*WHAT YOU SHOULD DO*
Only the lines below from the one that contains "Commerce 4 Pièces" through the one that contains "Mercedes-Benz E-Class Hybrid, 2022" should appear in your answer, exact and without pictures.

*DATA FOR THIS TASK*
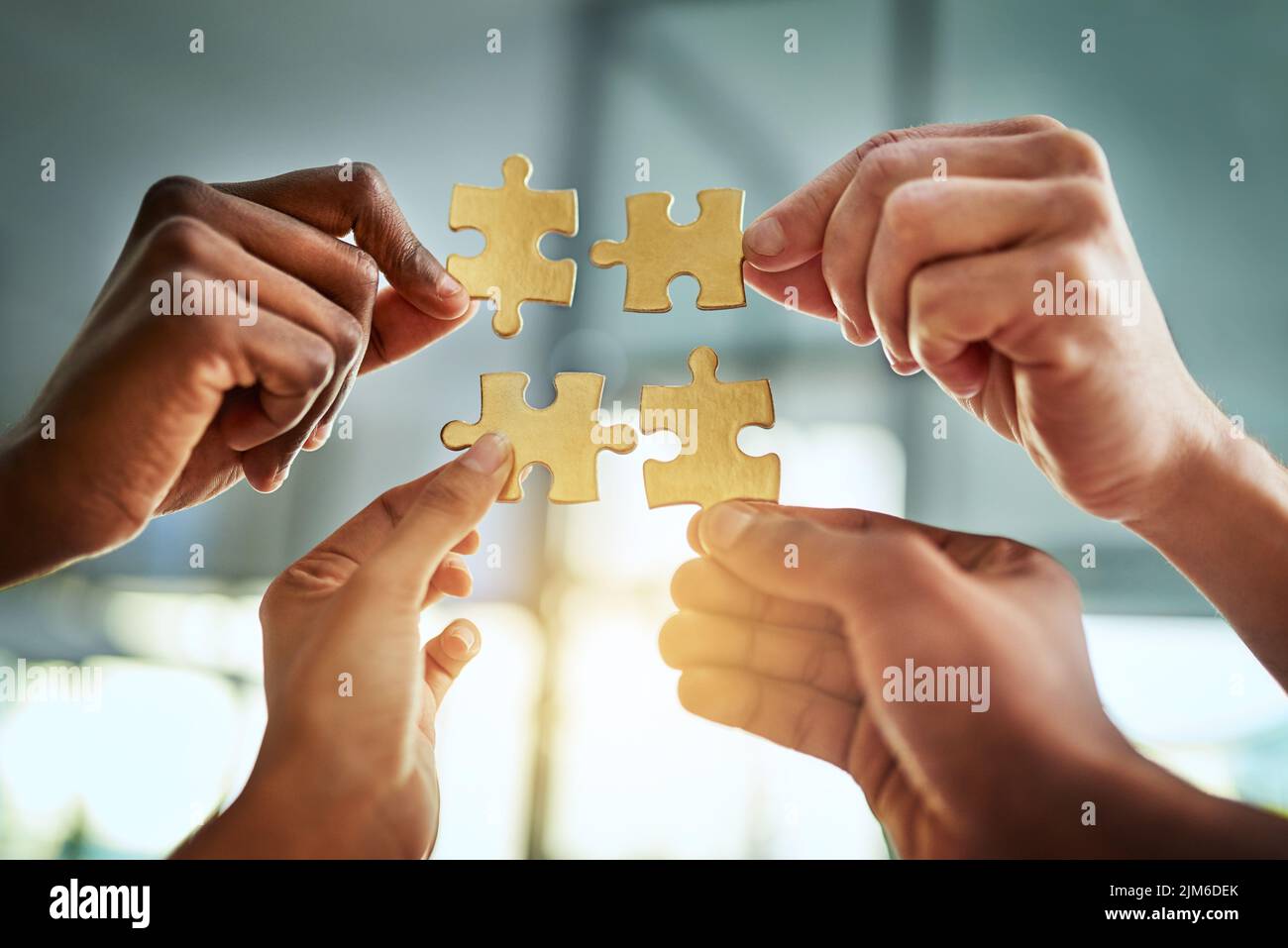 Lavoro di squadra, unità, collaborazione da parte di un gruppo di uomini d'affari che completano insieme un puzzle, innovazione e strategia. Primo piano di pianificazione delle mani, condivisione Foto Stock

---

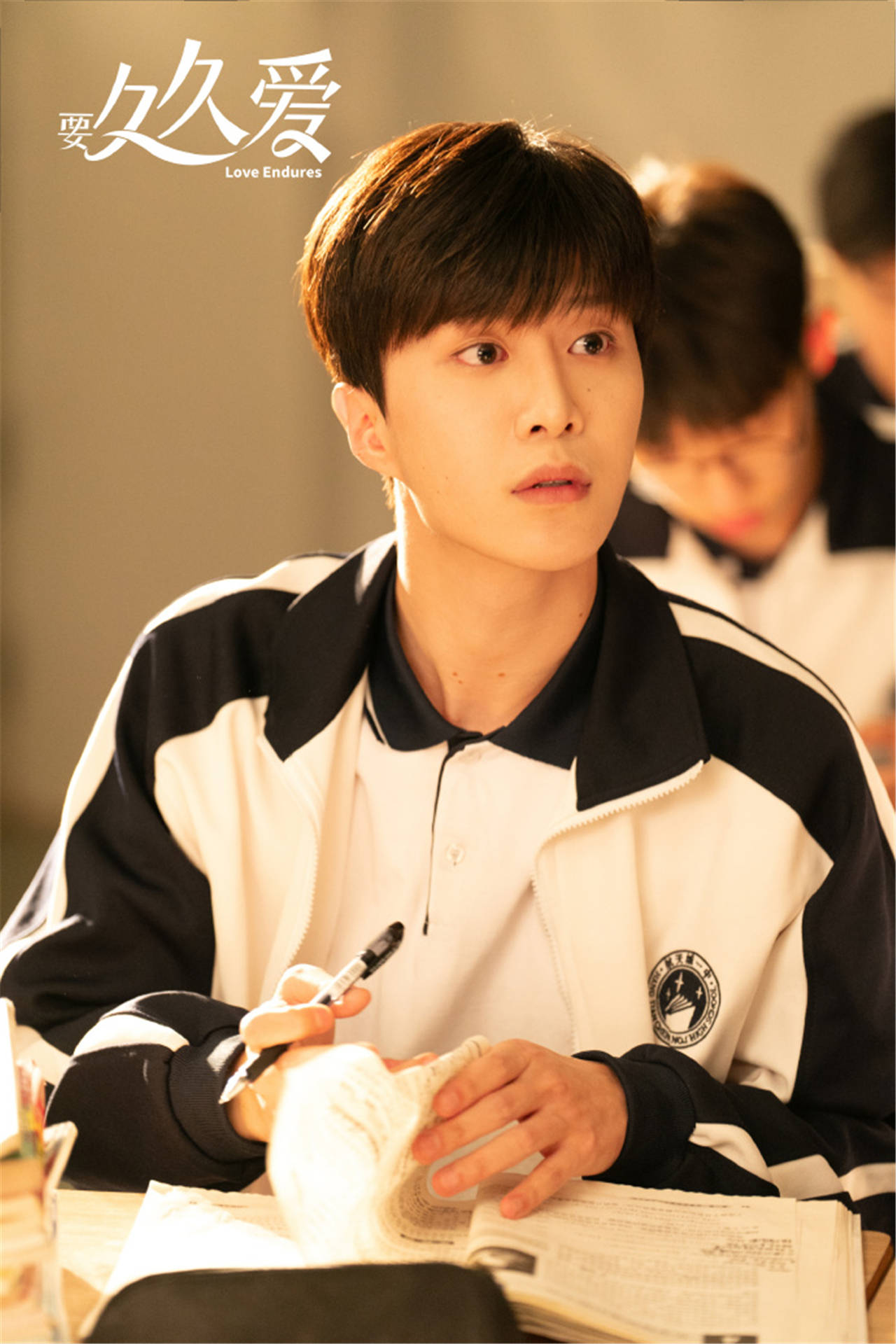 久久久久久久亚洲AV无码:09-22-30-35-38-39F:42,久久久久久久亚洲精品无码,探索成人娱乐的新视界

==

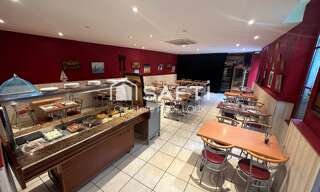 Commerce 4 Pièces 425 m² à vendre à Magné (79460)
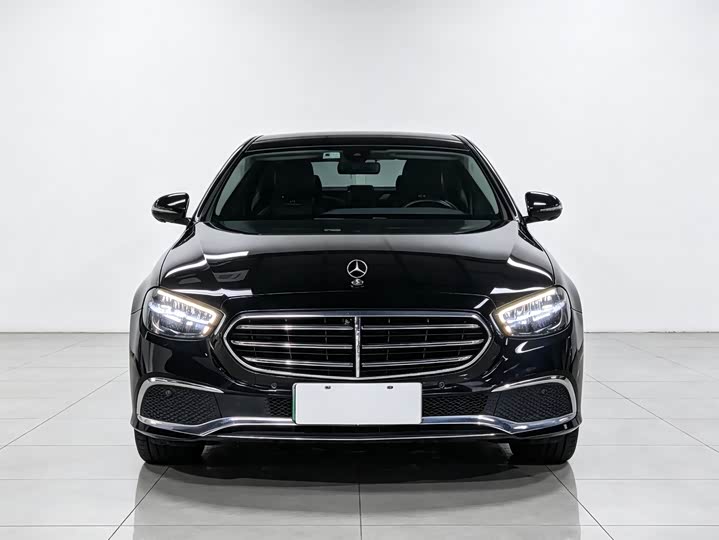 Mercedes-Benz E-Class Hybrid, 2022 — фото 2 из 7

*YOUR RESPONSE*
 Commerce 4 Pièces 425 m² à vendre à Magné (79460)
 Mercedes-Benz E-Class Hybrid, 2022 — фото 2 из 7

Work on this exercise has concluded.